Shock at Prize to Leftist Blood Libel Poem Author

Former chairman of the Hebrew Writers Association criticizes decision to award Landau prize to radical leftist poet Yitzhak Laor.

Benny Toker, Cynthia Blank,

(file)
(file)
Reuters

Balfour Hakak, former chairman of the Hebrew Writers Association, told Arutz Sheva that Mifal Hapayis' (Israel's official state lottery) decision to award the Landau Prize for Arts and Sciences in the poetry category to radical leftist poet Yitzhak Laor is "surprising." 

Laor, a controversial figure and writer, has expressed vitriolically anti-Zionist stances both in his poetry and prose work.

In a 2011 essay for leftist newspaper Haaretz, Laor called to get rid of Zionism, writing, "Liberation from Zionism is not a dirty word. In any case, what lies behind Zionism nowadays are interests related to water, real estate, strategic relations with the U.S. and a huge army hungering to justify its existence." 

And in in a poem called “Anthem to the 'Gush,'” Laor invoked the infamous "blood libel" against the “knitted kippah” religious Zionists:

And our holiday of freedom, this holiday of matzos, we celebrate with conviction in sanctity and with addictive body movements, and in our matzos is the blood of Palestinian youths, because these are all libels by idolaters anyway.
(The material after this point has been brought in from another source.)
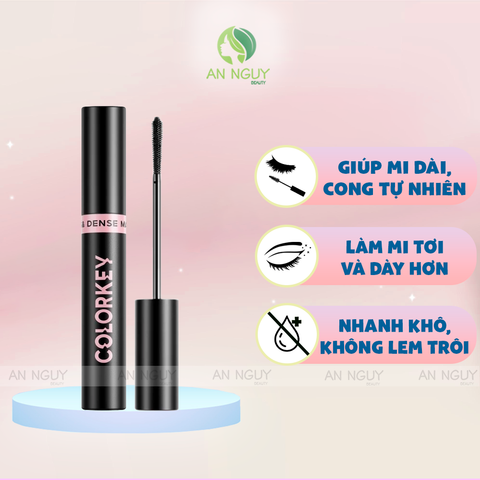 Mascara Colorkey Long&dense Mascara Làm Dài Và Dày Mi 4.5g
Attorney Yossi Fuchs, Chairman of the Legal Forum for Israel, has already sent a letter of protest to Major General (res.) Uzi Dayan, Mifal Hapayis Chairman, upon learning that Laor was the recipient of the prize.

"I consider myself a poet and a human, and I have been involved in evaluation committees for awards several times," Hakak said in his interview.

"It really bothered me that judges decided to give him the award with only a 2 to 1 majority vote. In my experience, we always decided that with literature prizes, it is necessary to choose a unanimous winner." 

"There is a bitter taste here that the decision was made to award the prize despite the opposition of one judge - author, Gilit Chomsky. It is not appropriate that two men against one woman decided to give the prize." 

"There should be a sense of harmony and consensus when it comes to providing a literary prize," Hakak stressed again. "Especially here, when there has been intense criticism of Yitzhak Laor." 

Hakak also claims Yitzhak Laor excluded right-wing writers for years, refusing to publish their poetry in his literary journal Mita'am. 

"Yitzhak Laor, as an editor, disenfranchised writers and humanities scholars with right-wing beliefs. His journal always had a left political bent, and he has not accepted works from me and from others throughout the years. He made a clear political bias and exclusion in his journal." 

According to Hakak, even the mainstream left considers Laor too extreme. "He is indeed a poet, but his writing is so sharply political, and often too extreme, especially when he writes about Palestinian blood."